Directions — Go line by line through the entries below and copy those containing the string "cliff".

Record set —
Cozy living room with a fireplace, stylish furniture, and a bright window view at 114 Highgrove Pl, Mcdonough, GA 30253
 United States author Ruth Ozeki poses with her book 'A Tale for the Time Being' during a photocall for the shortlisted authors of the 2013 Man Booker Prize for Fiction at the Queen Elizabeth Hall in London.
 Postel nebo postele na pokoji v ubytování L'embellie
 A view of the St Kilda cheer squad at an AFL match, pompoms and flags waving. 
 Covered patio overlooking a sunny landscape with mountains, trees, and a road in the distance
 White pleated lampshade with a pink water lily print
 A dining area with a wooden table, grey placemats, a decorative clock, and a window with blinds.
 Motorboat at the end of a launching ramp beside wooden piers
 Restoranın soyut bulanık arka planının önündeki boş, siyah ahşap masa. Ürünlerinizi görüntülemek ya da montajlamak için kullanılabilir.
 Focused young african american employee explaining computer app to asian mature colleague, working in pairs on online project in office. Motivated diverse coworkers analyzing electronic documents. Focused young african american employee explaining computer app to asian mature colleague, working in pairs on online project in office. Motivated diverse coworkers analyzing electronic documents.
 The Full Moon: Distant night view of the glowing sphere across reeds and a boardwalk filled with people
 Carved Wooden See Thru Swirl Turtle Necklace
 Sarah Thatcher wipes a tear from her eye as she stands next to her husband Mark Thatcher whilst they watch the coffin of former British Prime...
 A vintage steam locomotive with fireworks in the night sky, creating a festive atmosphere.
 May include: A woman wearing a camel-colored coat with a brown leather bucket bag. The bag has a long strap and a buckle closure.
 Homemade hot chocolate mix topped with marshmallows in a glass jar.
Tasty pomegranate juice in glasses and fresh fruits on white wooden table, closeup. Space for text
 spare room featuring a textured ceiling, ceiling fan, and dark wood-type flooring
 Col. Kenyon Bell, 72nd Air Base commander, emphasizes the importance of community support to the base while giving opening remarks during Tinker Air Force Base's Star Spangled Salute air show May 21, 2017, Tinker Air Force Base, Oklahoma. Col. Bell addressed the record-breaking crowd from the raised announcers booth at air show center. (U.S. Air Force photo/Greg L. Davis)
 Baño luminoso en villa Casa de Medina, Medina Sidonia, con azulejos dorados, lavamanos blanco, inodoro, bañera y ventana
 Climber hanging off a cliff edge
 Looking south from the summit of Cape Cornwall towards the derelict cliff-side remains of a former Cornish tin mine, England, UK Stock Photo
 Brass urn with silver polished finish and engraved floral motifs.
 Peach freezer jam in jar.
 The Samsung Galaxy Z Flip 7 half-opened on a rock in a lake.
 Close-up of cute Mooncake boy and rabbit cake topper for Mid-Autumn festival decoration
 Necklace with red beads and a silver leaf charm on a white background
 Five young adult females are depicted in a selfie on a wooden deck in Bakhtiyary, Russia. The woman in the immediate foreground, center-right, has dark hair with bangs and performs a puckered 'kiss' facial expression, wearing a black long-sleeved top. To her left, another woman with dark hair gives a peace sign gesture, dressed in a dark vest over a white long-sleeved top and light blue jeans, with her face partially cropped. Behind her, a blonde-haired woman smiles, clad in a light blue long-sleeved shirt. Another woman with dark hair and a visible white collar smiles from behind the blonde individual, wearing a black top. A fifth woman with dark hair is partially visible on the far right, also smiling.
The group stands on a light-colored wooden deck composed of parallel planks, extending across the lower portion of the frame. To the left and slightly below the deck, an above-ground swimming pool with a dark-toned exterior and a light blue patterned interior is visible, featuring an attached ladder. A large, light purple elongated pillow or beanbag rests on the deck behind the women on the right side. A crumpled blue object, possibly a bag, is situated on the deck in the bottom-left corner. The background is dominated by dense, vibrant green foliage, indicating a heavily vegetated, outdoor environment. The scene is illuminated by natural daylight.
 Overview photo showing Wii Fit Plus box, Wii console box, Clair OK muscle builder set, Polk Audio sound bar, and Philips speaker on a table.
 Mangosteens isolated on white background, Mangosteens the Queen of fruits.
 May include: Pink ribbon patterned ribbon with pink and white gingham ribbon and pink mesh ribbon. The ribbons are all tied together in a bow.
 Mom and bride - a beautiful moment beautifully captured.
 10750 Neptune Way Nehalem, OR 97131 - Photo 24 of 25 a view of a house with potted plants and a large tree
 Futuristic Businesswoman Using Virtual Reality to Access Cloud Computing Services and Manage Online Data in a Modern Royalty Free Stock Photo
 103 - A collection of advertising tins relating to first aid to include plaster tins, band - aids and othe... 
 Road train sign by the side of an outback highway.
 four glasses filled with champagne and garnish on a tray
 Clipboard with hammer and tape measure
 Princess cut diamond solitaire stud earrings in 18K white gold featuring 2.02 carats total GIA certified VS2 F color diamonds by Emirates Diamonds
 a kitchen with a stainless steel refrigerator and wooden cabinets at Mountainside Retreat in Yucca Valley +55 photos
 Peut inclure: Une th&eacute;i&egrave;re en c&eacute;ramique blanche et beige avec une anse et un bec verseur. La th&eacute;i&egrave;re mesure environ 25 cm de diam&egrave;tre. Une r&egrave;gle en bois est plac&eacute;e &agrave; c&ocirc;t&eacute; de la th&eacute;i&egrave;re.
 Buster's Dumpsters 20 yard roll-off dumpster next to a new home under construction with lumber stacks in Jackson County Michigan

Expected output —
 Climber hanging off a cliff edge
 Looking south from the summit of Cape Cornwall towards the derelict cliff-side remains of a former Cornish tin mine, England, UK Stock Photo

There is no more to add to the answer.